Consider the following simple python
code:
import numpy as np
import scipy.stats as stats
np.random.seed(1000)#(seed)
for i in range(10):
X = np.random.normal(0,1,2000000)
Y = np.random.normal(0,1,2000000)
print(stats.ttest_ind(X,Y))
Since both $X$ and $Y$ are sampled from the same normal distribution (same mean and same variance) I expected that the returned p-values would be rather high. However, in reality, on my machine, I get the following output:
(-0.63504239247902361, 0.52540080331521977)
(0.95766169154615455, 0.33823343778490922)
(0.77495702809122613, 0.43836509803793244)
(1.0889385249318819, 0.27618106157897093)
(0.97293351367380154, 0.33058640601636757)
(1.3556340433654583, 0.17521571107906755)
(0.58921373947134548, 0.55571793482831677)
(0.91391361607063426, 0.36076229350915234)
(0.62066063893057222, 0.5348229679159715)
(2.3510055029223147, 0.018722805219522423)

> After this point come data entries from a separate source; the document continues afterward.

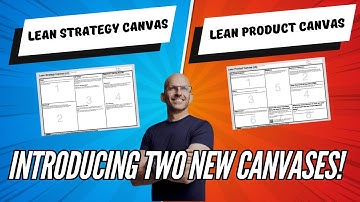 Introducing the Lean Strategy Canvas and The Lean Product Canvas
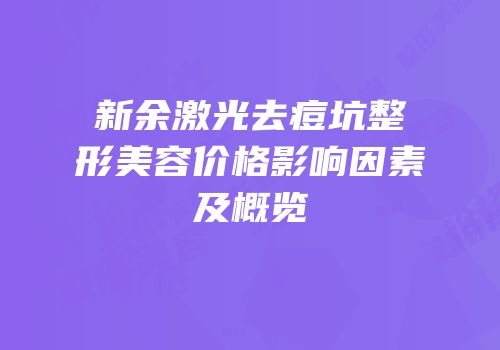 新余激光去痘坑整形美容价格影响因素及概览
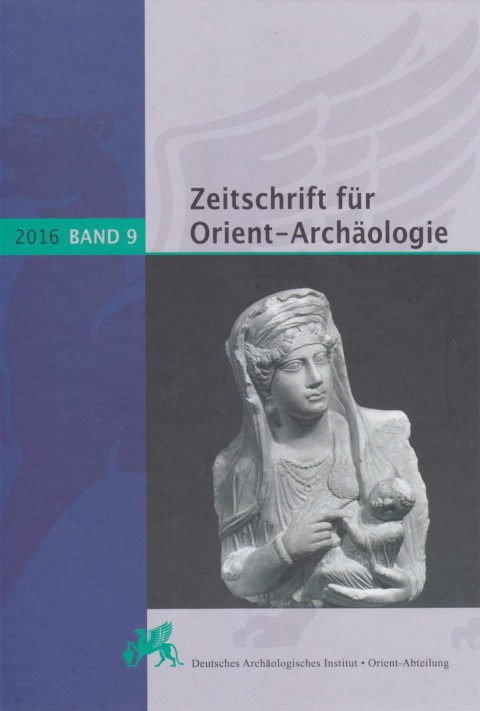 Zeitschrift für Orient-Archäologie Band 9 - 2016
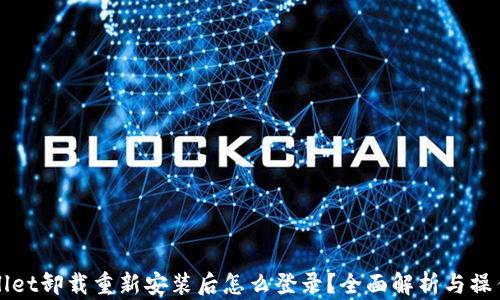 
tpWallet卸载重新安装后怎么登录？全面解析与操作指南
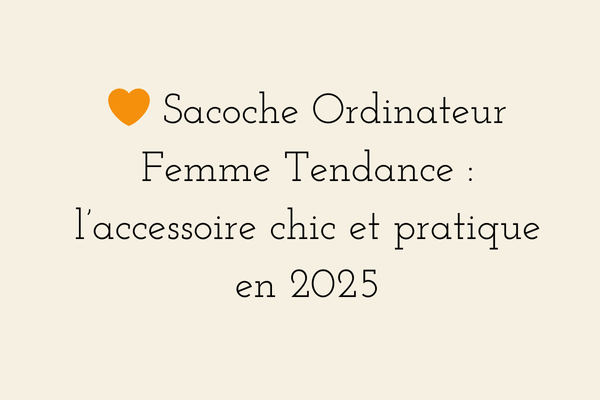 Sacoche ordinateur femme tendance 2026 - l’accessoire chic et pratique pour le télétravail et la vie nomade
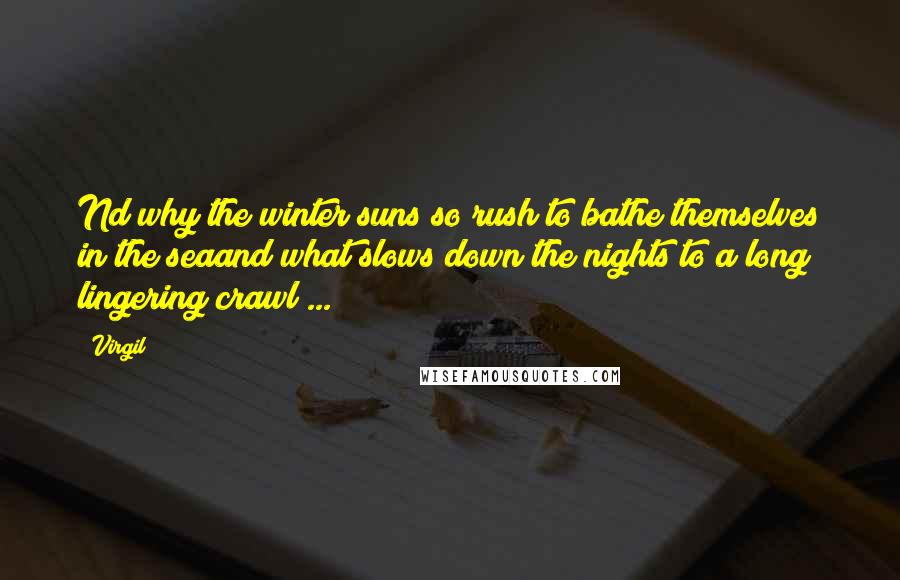 Virgil Quotes: Nd why the winter suns so rush to bathe themselves in the seaand what slows down the nights to a long lingering crawl ...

Notice that for $\alpha=0.05$ the last pair of samples would suggest that I should reject the null hypothesis, namely that $\mu_X = \mu_Y$.
As a sanity check I ran,
stats.ttest_ind(X,X)
which yields (0.0, 1.0)
as expected. Furthermore, I ran also the following:
import numpy as np
import scipy.stats as stats
np.random.seed(1000)#(seed)
for i in range(10):
X = np.random.normal(0,1,2000000)
Y = np.random.normal(10,1,2000000) # Different mean for Y
print(stats.ttest_ind(X,Y))
which yielded always zero p-values, as I expected.
The question: What is happening here? Why is this the behavior and what am I missing?